Durant l’initiation du PSE, la population du Sénégal était estimée à 13,9 millions d’habitants avec un taux de croissance de 2,7 % selon l’ANSD. Durant cette période, les jeunes de moins de 25 ans représentaient 62 % de la population. Certes, les infrastructures accélèrent la croissance, mais l’Etat devait se focaliser sur la réduction de la croissance ou sur la création d’emplois. L’une des priorités devait être la modernisation du secteur agricole qui nous mènerait vers l’industrialisation. Cela n’a pas été fait, car l’Etat a voulu d’abord combler le déficit en infrastructures avant de commencer à investir dans les secteurs créateurs d’emplois. Il fallait profiter de la bonne tenue des cours des matières premières pour investir dans les secteurs clés.
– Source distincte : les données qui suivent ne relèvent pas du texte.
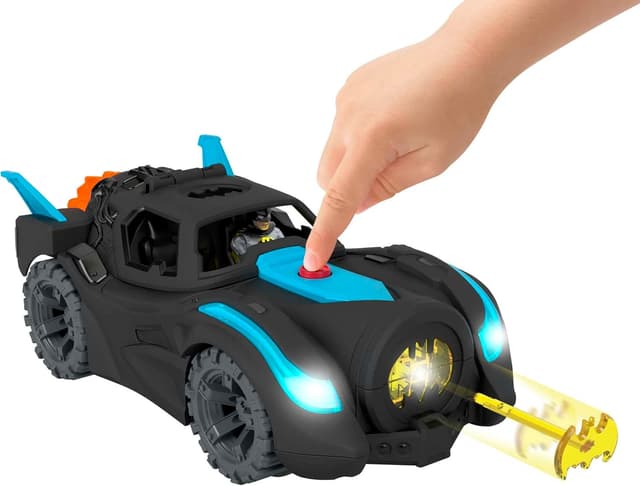 Detalle 2 de Batmobile Imaginext 30,5 cm luci e suoni HGX96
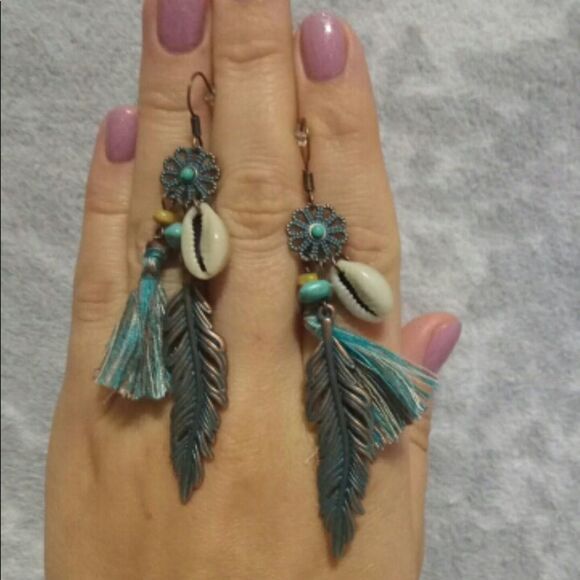 Flower Feather Boho Cowrie Shell Earrings (g3 - Picture 3 of 8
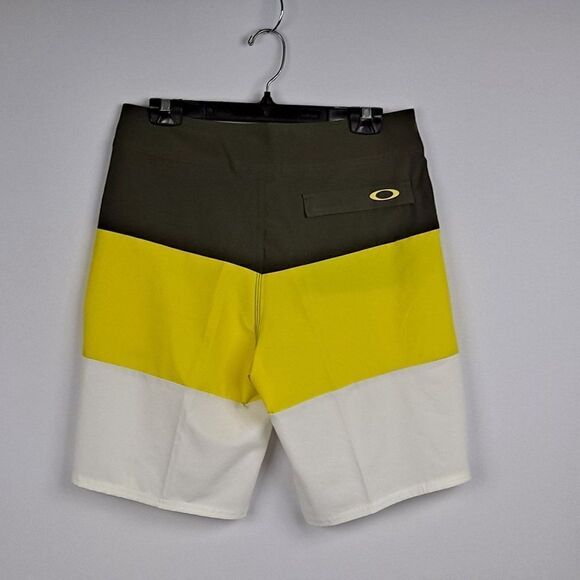 Oakley Mens Board Shorts NWT - Picture 5 of 10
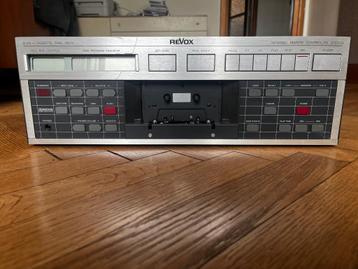 Revox B215 cassettedeck beschikbaar voor biedingen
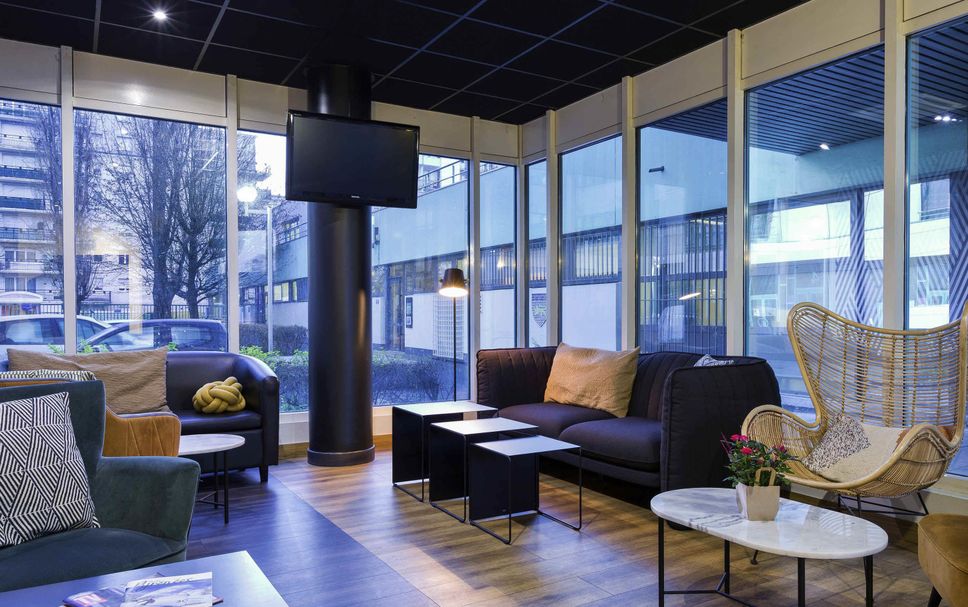 Lounge Photo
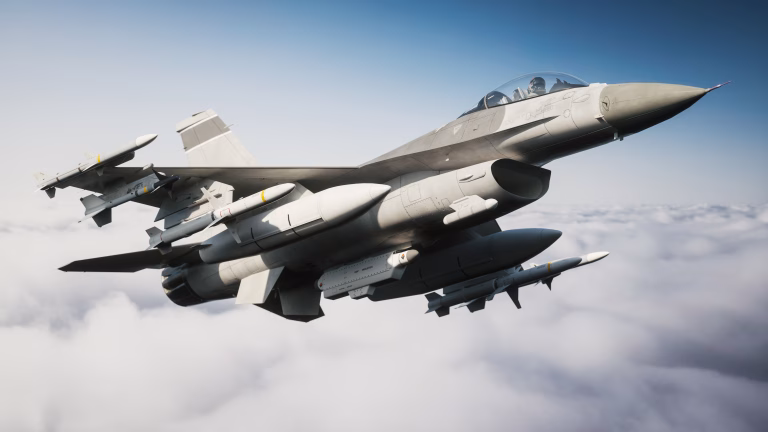 Avioane F-16 mobilizate pentru a monitoriza dronele de la granița cu Ucraina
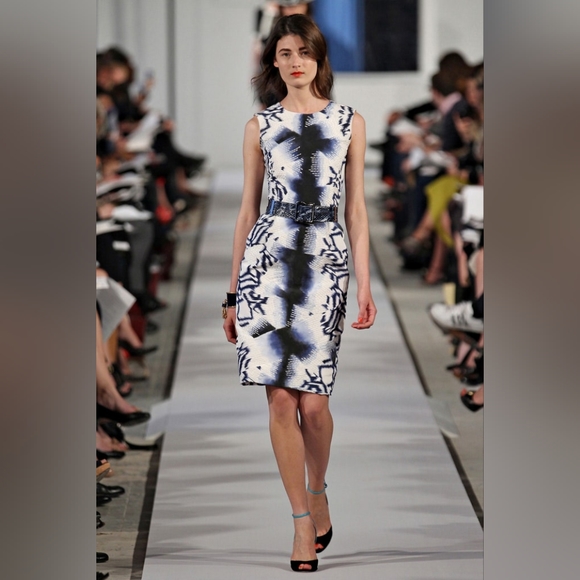 $2,800 OSCAR DE LA RENTA PICASSO SILK LINED BLUE DOT DAY DRESS US 4, 8, and 10 - Picture 8 of 9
Selon la BAD, durant les dix dernières années, les pays avec la croissance la plus forte ont créé moins d’emplois que les pays dont la croissance a été plus modérée. Cette croissance, rappelons-le, a été favorisé par l’investissement dans les infrastructures, peu importe si ces investissements sont productifs ou pas. Néanmoins, ces investissements dans les infrastructures qui ont boosté cette croissance n’ont été ni soutenus ni inclusifs. Le choix des projets d’infrastructure durant le septennat a été un choix plutôt politique qu’économique. Quand un président de la République a 5 ans ou 7 ans avant les prochaines élections, il lui parait impératif de lancer de nouveaux projets d’infrastructure portant son empreinte. Même si l’optimisation d’infrastructures existantes est une meilleure option, les gouvernants ne pourront pas se l’approprier. L’Etat a manqué de pragmatisme dans la priorisation des projets d’infrastructure. Dans l’économie d’une nation, la stratégie est très importante. Il est possible d’investir dans les infrastructures à la fois électoralistes et productives, mais notre Etat a trop entrepris à la fois, là où il ne fallait pas. En économie, les projets d’infrastructure sont parmi les investissements les plus rentables, cependant, si cette rentabilité n’a pas suivi au Sénégal, cela démontre de la mauvaise allocation des ressources mobilisées.
 
L’approche la plus efficace aurait dû être la construction d’infrastructures dans les zones économiques au Sénégal. Quand on met les parcs industriels à côté des fournisseurs spécialisés, il n’y aurait pas eu la nécessité de construire certaines routes dans l’immédiat. L’endettement pour le financement des projets d’infrastructure n’a pas été optimal avec l’émission des titres d’emprunt dans des devises fortes. L’endettement devenait tellement restreignant qu’il a fallu recalculer notre PIB pour une soutenabilité de la dette. Certes, le recours aux PPP est primordial de nos jours, cependant, il faut noter que tous les projets ne sont pas forcément adaptés aux PPP. Les petits projets d’un Etat ne doivent pas nécessiter un recours aux PPP et ces derniers ne devaient pas non plus être utilisés comme stratégie politique. 
 
En économie, gouverner, c’est prévoir, donc il est impératif de prévoir pour faire face aux défis. L’Etat aurait dû commencer un mécanisme pour faire face aux chocs climatiques, un fond devait aussi être mis en place pour une éventuelle subvention de l’électricité en cas d’une hausse du prix du baril du pétrole. Et d’autres… Serions-nous prêts si le monde traversait une autre crise financière ?
 
On dit souvent qu’un homme doit être assez grand pour admettre ses erreurs, assez intelligent pour apprendre de celles-ci et assez fort pour les corriger.